Thoughts from the Farm


Isn't it beautiful and awful and wonderful and joyful and sad and devastating all at the same moment?  Does it ever feel so full of love and goodness and hope that your heart might just burst?  And doesn't it sometimes feel so full of despair and loss that the next step seems almost impossible?

That's life here, for us, on the farm at least.  Life in it's fullest sense.  Full of beauty and grace but yet filled with heartache and darkness.  With all these moments mixed together, it seems that sometimes life is hard to take in.  One moment full of joy and the next, reeling in pain.

We have lived moments like these on the farm this week.

Moments of sweet laughter and discovery:

Pigs LOVE back massages.

There they were, the two of them, sitting on overturned white feed buckets taking turns massaging the pigs.  And oh how they loved every minute of it!  Son and Father and 7 heritage pigs all mixed together out in that field.  Sweet laughter.

Moments of despair and sadness and questions of how?  Why?

One chicken killed in the night. 

We found her feathers with signs of distress, fight, and loss over in the corner of the meadow, the one right by the garden. 

But yet, even in the darkness, there is yet hope!  For though one was lost, we are able to rejoice in the life of the other 29.  Even as we question how it could have happened and when. . .  we still are able to give thanks that it was just one.  We are able to remain thankful that our flock has not been ravaged and decimated as is the case with so many other country flocks.

And yet, as in life in and of itself, and life on the farm, death and new life go hand in hand.  We experienced the first loss of life on our farm, but we also welcomed new life with the arrival of four bountiful hives of bees.
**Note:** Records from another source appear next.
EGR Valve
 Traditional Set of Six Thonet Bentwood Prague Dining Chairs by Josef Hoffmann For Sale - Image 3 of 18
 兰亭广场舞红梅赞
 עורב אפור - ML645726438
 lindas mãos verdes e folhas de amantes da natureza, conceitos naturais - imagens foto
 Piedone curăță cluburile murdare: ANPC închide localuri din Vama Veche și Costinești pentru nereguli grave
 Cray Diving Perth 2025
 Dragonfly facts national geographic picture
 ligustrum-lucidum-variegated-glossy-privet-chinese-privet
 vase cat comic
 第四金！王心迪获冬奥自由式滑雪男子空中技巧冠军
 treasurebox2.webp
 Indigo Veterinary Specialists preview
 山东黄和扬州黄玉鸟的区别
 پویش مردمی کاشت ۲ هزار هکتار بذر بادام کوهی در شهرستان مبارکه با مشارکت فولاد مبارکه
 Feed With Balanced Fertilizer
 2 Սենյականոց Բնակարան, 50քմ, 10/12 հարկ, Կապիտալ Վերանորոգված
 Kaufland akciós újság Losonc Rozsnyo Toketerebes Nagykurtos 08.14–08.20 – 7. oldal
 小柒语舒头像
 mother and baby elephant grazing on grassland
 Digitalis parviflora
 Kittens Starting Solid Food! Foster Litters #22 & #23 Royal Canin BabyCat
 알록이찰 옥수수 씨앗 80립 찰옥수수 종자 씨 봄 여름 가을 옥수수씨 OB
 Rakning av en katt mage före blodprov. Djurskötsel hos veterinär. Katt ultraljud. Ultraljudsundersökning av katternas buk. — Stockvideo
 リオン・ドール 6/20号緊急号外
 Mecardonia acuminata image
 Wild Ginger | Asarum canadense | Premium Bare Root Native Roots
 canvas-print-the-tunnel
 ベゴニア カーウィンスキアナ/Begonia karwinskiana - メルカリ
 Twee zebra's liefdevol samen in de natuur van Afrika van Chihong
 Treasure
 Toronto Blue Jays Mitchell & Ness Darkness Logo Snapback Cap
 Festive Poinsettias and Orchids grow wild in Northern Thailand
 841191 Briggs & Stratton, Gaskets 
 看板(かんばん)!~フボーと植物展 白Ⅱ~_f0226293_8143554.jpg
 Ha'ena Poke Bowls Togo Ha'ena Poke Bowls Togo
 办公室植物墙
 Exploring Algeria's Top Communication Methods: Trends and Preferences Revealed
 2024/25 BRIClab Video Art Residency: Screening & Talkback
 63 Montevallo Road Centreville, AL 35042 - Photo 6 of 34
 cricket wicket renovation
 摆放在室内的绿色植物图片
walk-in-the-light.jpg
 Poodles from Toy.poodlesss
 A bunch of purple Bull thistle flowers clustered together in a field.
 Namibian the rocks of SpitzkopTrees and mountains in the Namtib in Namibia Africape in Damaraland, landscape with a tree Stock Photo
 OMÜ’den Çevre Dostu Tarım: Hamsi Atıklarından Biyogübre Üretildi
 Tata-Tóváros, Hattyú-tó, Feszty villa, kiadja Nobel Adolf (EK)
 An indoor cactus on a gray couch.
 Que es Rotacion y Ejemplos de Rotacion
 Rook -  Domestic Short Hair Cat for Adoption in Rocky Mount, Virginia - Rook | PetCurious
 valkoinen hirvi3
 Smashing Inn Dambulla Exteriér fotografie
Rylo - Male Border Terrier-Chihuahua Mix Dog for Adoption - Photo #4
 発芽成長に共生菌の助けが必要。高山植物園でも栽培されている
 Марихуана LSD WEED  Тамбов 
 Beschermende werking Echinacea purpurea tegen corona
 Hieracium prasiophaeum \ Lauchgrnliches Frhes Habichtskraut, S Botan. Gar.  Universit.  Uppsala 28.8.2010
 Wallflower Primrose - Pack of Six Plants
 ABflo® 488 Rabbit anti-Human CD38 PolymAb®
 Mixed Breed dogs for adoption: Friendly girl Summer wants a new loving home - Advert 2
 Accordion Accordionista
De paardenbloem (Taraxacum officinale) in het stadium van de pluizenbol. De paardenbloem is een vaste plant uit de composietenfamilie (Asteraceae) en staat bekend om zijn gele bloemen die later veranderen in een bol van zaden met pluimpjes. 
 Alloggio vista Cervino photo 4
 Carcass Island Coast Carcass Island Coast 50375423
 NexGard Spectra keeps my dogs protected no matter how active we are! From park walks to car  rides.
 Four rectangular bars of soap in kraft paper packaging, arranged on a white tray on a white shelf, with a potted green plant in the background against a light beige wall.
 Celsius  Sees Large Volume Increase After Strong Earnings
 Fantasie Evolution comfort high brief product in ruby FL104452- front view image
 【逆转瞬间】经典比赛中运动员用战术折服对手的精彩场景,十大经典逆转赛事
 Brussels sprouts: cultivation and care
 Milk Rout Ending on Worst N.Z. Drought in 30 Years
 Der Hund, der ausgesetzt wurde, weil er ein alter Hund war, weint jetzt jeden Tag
I have often felt it, this feeling of life and death seemingly to go hand in hand.  I have felt it kneeling in the garden, placing the tiniest of seeds deep in the darkness of the Earth.  I have experienced it as I wait, almost to the point of hopelessness, for that tiny seed to burst forth with life.  I have witnessed it as I walk through the forest and behold with my own eyes and my own senses that life comes from decay.  That death brings life!  The crazy beautiful mess of this creation is a miracle in and of itself that good does come from bad, if we have but courage to wait and hope.

  That in death, there is soon new life to behold.  The seed, buried in death and darkness does break through in Spring's green life.  The death and decay of one season does bring renewal and abundance to the next.  The hopelessness of one moment can indeed be the catalyst for joy and peace in the next. 

If we but wait with courage. 

Life and joy and peace and goodness and beauty will indeed be restored.